Sen. John Kerry has come to the conclusion that President George Bush, Donald Rumsfeld, and Gen. Tommy Franks could have captured Osama bin Laden if they had done a couple of things differently.
Staff members for the Senate Foreign Relations Committee’s Democratic majority prepared the report at the request of the chairman, Sen. John Kerry, as President Obama prepares to boost U.S. troops in Afghanistan.
Kerry, the 2004 Democratic presidential candidate, has long argued the Bush administration missed a chance to get the al-Qaeda leader and top deputies when they were holed up in the forbidding mountainous area of eastern Afghanistan only three months after the Sept. 11, 2001, terrorist attacks.
So, a bunch of Democrats looked at the past and came to the conclusion that the Republicans in charge didn’t fight the war correctly. That’s a surprise. This from the same man who concluded the Surge in Iraq was a failure while trying to justify his party’s stance against the war in Iraq. It wasn’t a stance against the war so much as it was a stance against anything Bush.
Which is what this report is.
What’s even more interesting is now Kerry is producing reports to justify an increase in troops in Afghanistan:
Although limited to a review of military operations eight years old, the report could also be read as a cautionary note for those resisting an increased troop presence there now.
Got it? If we don’t send more troops, we might not capture bin Laden. Kerry, the antiwar leftist from Massachusetts, is now creating talking points for an increase in soldiers in Afghanistan.
If that doesn’t show the political nature of the Democrats, I don’t know what it will take. To their credit, the Republicans are backing an increase in the military also, not because of politics, but because they believe the war should be won.
If they were playing politics, they would be against any increase. They aren’t. If anything, they want more troops sent.
Finally, if we are going to blame Bush and Co. for not capturing bin Laden, I think it’s fair to recall Bill Clinton’s refusal to accept custody of him when he was president:
Sudan offered to arrest and turn over bin Laden at this meeting, according to Erwa. He brought up bin Laden directly. “Where should we send him?” he asked. This was the key question. When Sudan turned over the infamous Carlos the Jackal to French intelligence in 1994, the CIA covertly provided satellite intelligence that allowed Sudanese intelligence to capture him on a pretext and escort him to the VIP lounge at the Khartoum airport.

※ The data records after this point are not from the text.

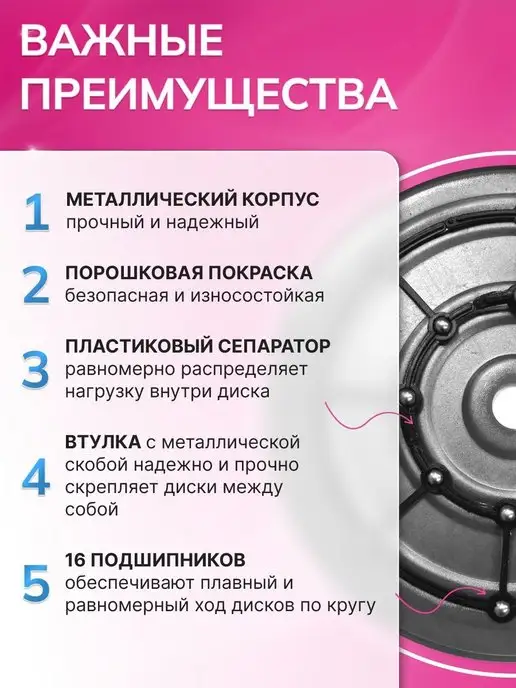 ONHILLSPORT Диск здоровья металлический вращающийся для похудения, зеленый, фото 4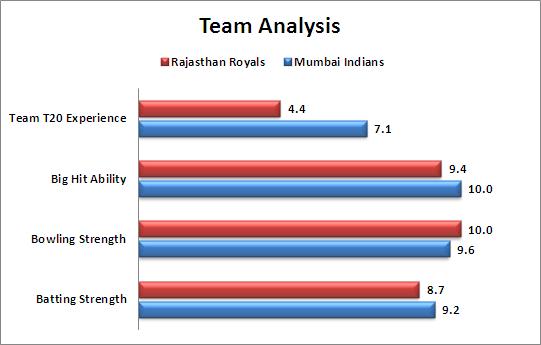 IPL_2015_Match_9_Rajasthan_Royals_v_Mumbai_Indians_Team_Strength_Comparison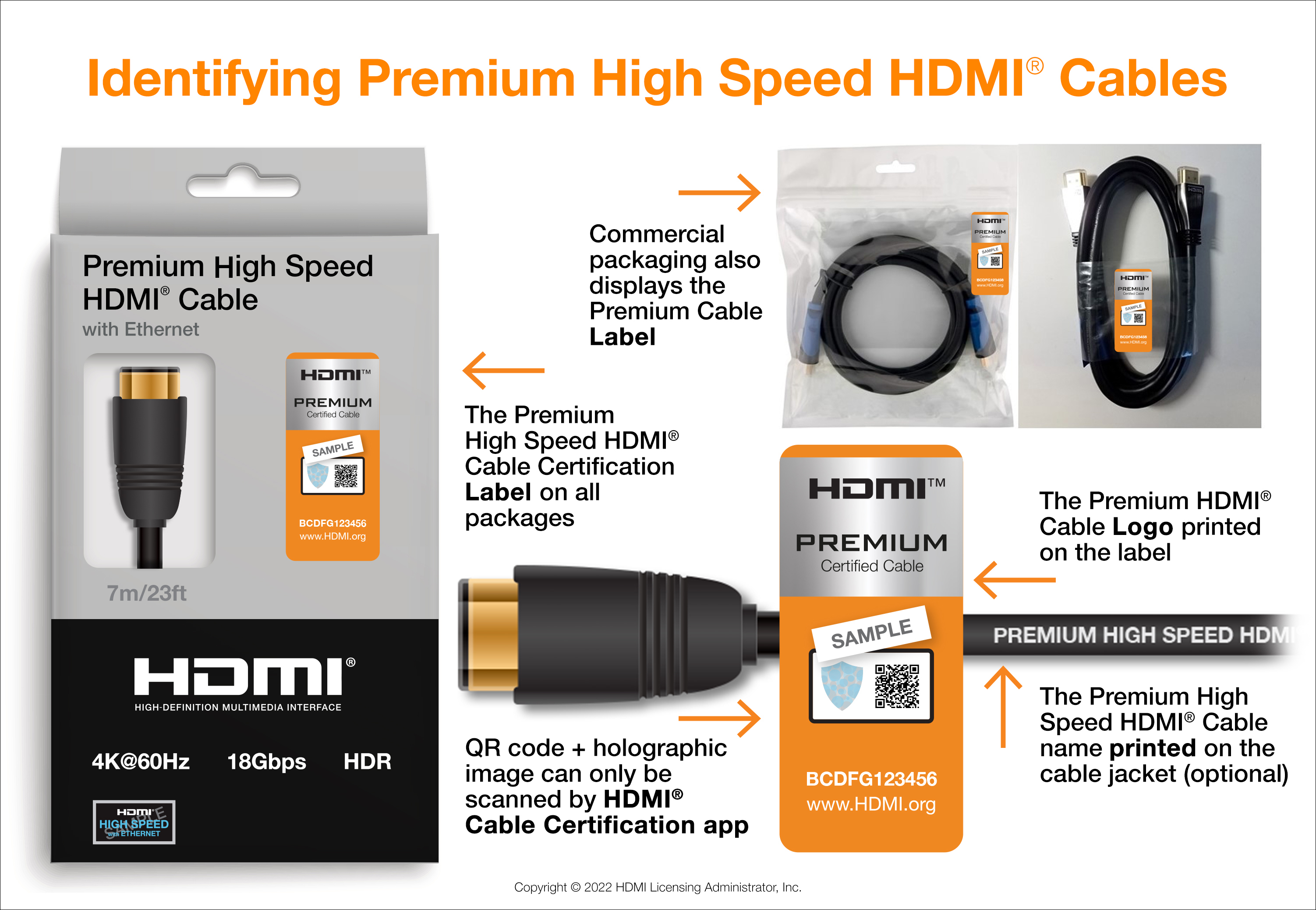 Premium_Cable_Identification_Hires.jpg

There, he was met by armed members of French intelligence and flown to Paris in a special plane. Would the CIA pick up bin Laden in Khartoum and fly him back to Washington,D.C.? Or would bin Laden go to a third country?
The CIA officer was silent. It was obvious to Erwa that a decision had not yet been made. Or perhaps his offer was not quite believed. Yet, the Sudanese official was still hoping for a repeat of the French scenario. Finally, the CIA official spoke. “We have nothing we can hold him on,” he carefully said.
Clinton refused the handover of bin Laden because — he said in taped remarks on Feb. 15, 2002 — “(bin Laden) had committed no crime against America, so I did not bring him here because we had no basis on which to hold him.” Luckily, after 9/11, we can get him on that trespassing charge.
Although Clinton made the criminal justice system the entire U.S. counterterrorism strategy, there was not even an indictment filed after the bombing of either Khobar Towers (1996) or the USS Cole (2000). Indictments were not filed until after Bush/Ashcroft came into office.
“Clinton made the criminal justice system the entire U.S. counterterrorism strategy…”
Sounds like what is going on today. But this is all Bush’s fault.